# What you have to do:
From the line that has "Resort Jaz Neo Saraya Palms" down to the last line of the data below, set down every line exactly, but none of the pictures.

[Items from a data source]
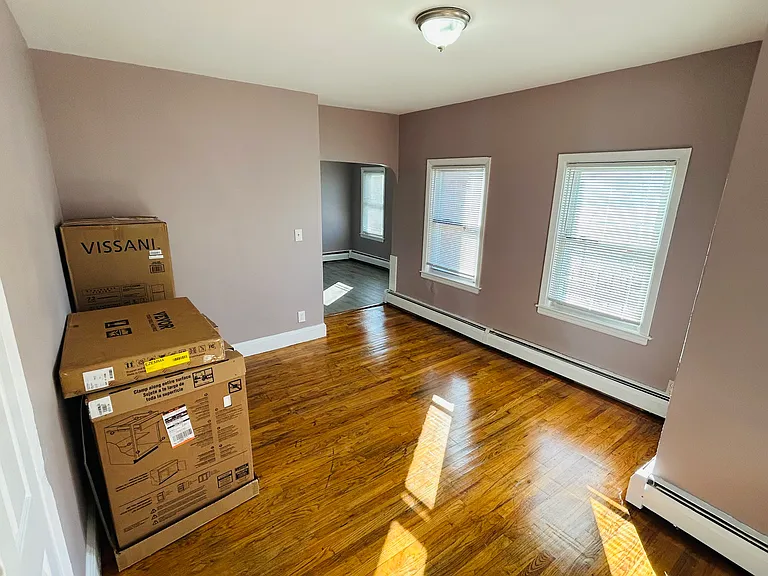25 Fallon Ave #1 — Photo 6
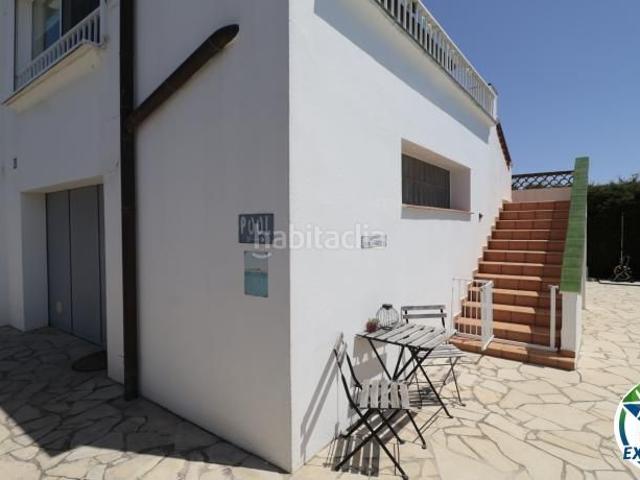 Casa en venta en Roses, Nord Costa Brava. Casa en venta en Roses Girona. Casas.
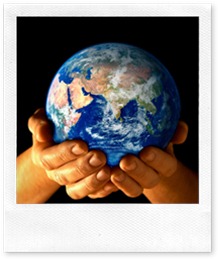 Earth_day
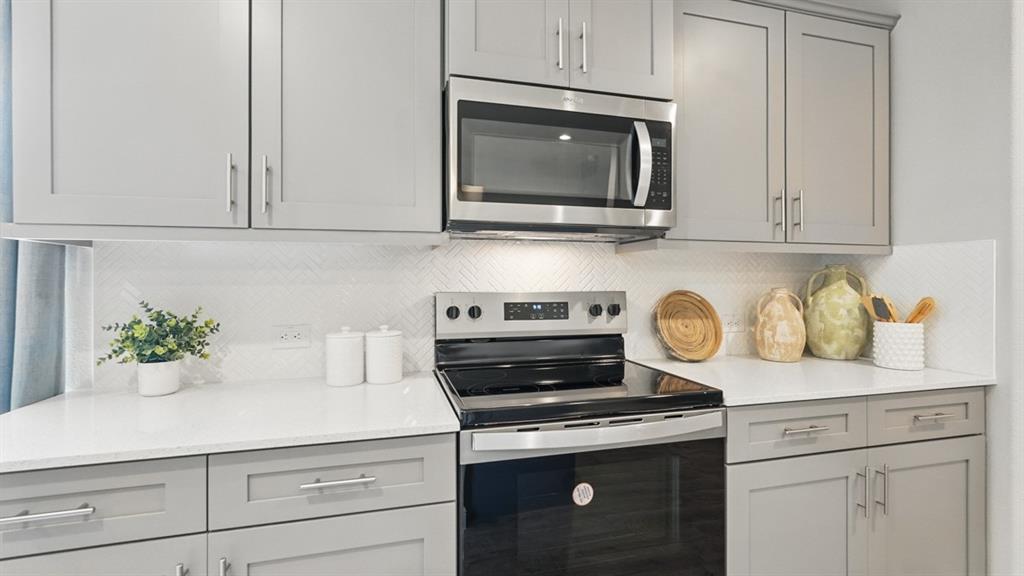 Retta Estates - Residential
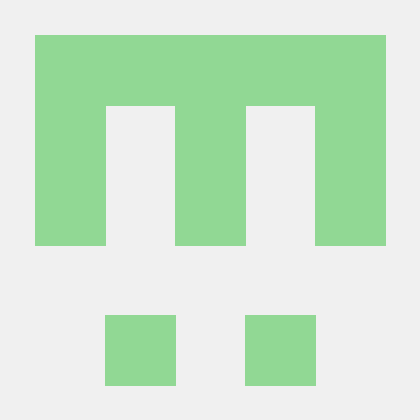 Mediatechtemple Linkedin - Retina City Patterns for Desktop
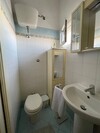 Room-giuly's Room Porto Santo Stefano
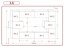 Sky Next Wall unit AN4-17WB-HG23-1A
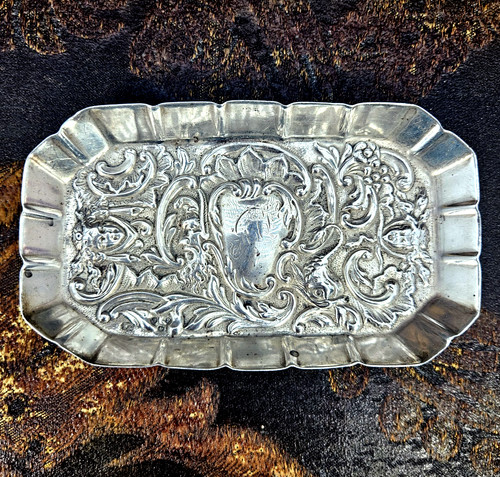 Antique 1900 william - antique,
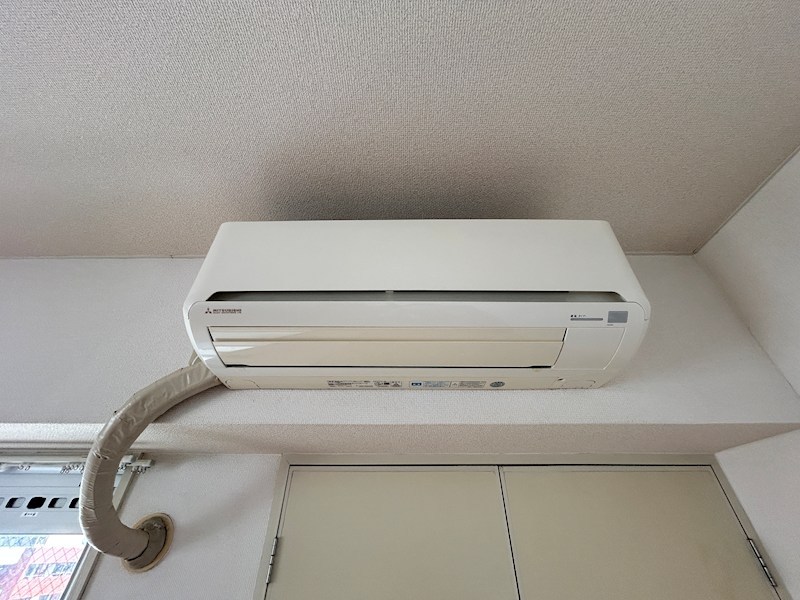 サニーパレス大津和 その他設備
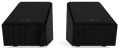 Głośniki Klipsch New Reference R-40SA Dolby Atmos czarne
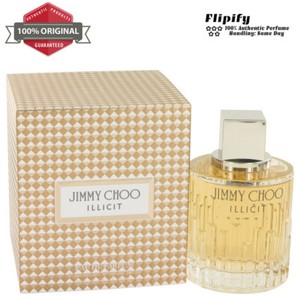 jimmy choo illicit 1.3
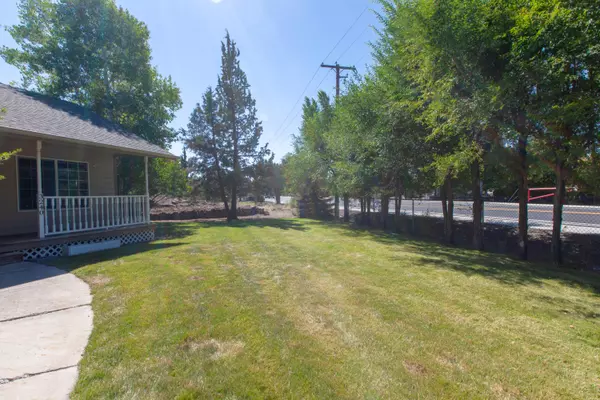 Redmond, OR 97756,3240 Canal BLVD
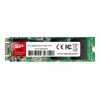 Dysk SSD Silicon Power SP256GBSS3A55M28 256 GB Half-cienki SATA III, 560/530 MB/s, SLC
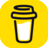 Link to http://coff.ee/NachoVizgarra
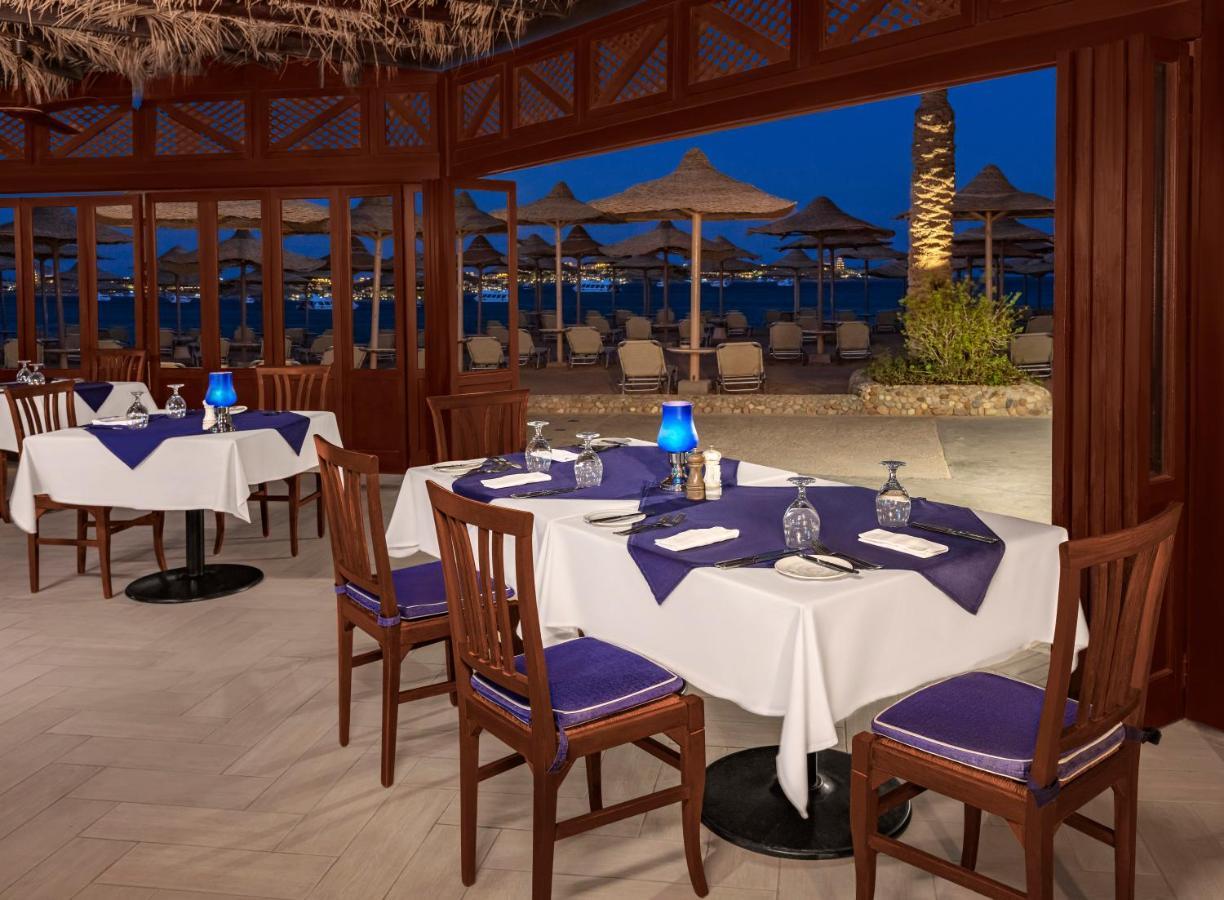 Resort Jaz Neo Saraya Palms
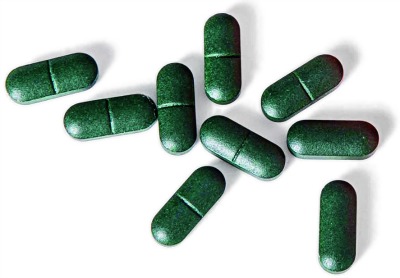 Πράσινη ζώνη: Τα προϊόντα που δεν πρέπει να λείπουν από το νεσεσέρ σας-1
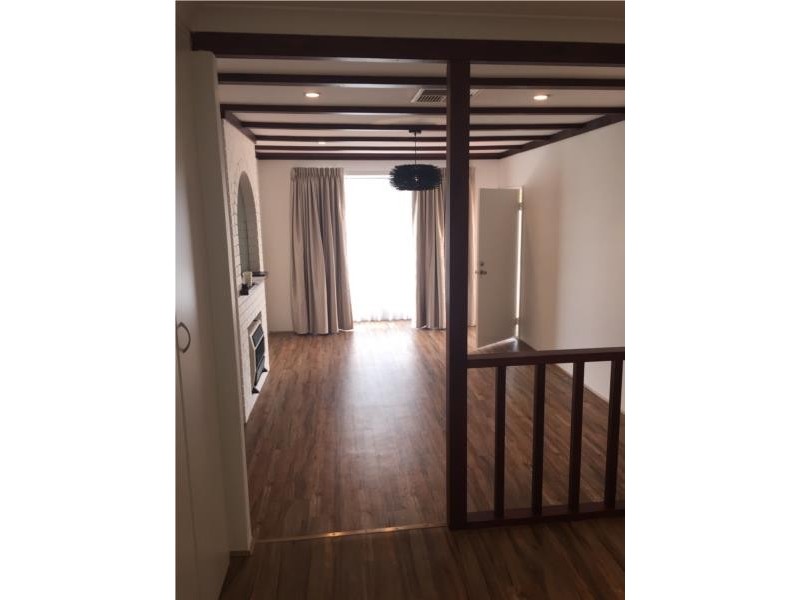 4/136 Mangles Street, South Bunbury WA 6230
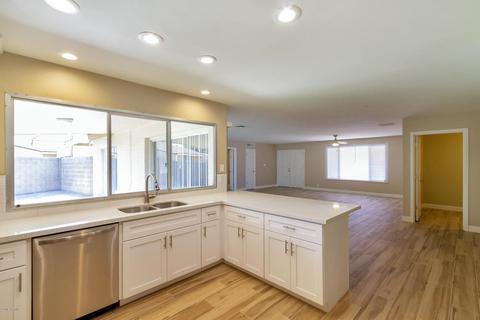 3708 E Sahuaro Dr, Phoenix, AZ 85028 photo 4
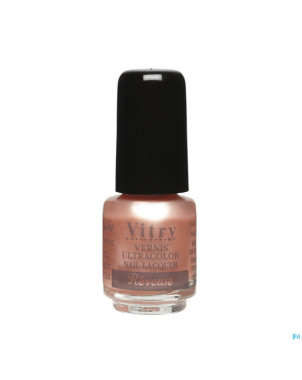 Vitry vao mini reveuse    4ml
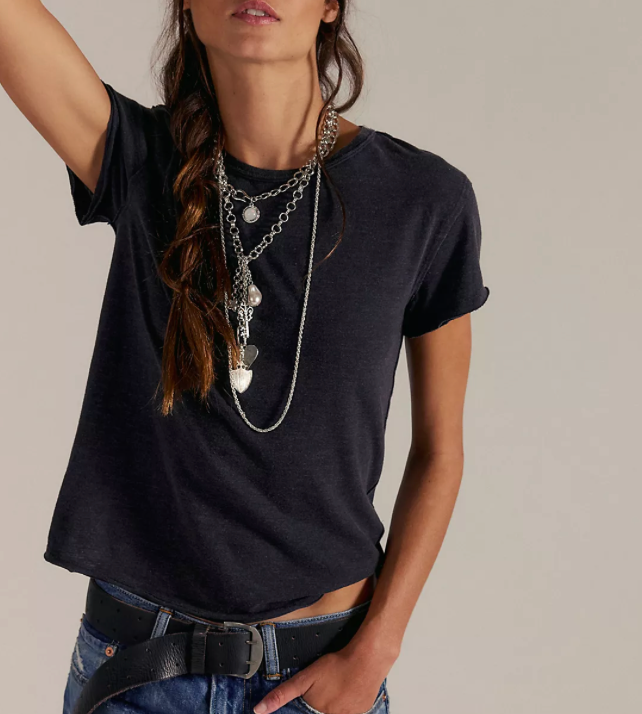 Nova Tee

# Exercise answer:
 Resort Jaz Neo Saraya Palms
 Πράσινη ζώνη: Τα προϊόντα που δεν πρέπει να λείπουν από το νεσεσέρ σας-1
 4/136 Mangles Street, South Bunbury WA 6230
 3708 E Sahuaro Dr, Phoenix, AZ 85028 photo 4
 Vitry vao mini reveuse    4ml
 Nova Tee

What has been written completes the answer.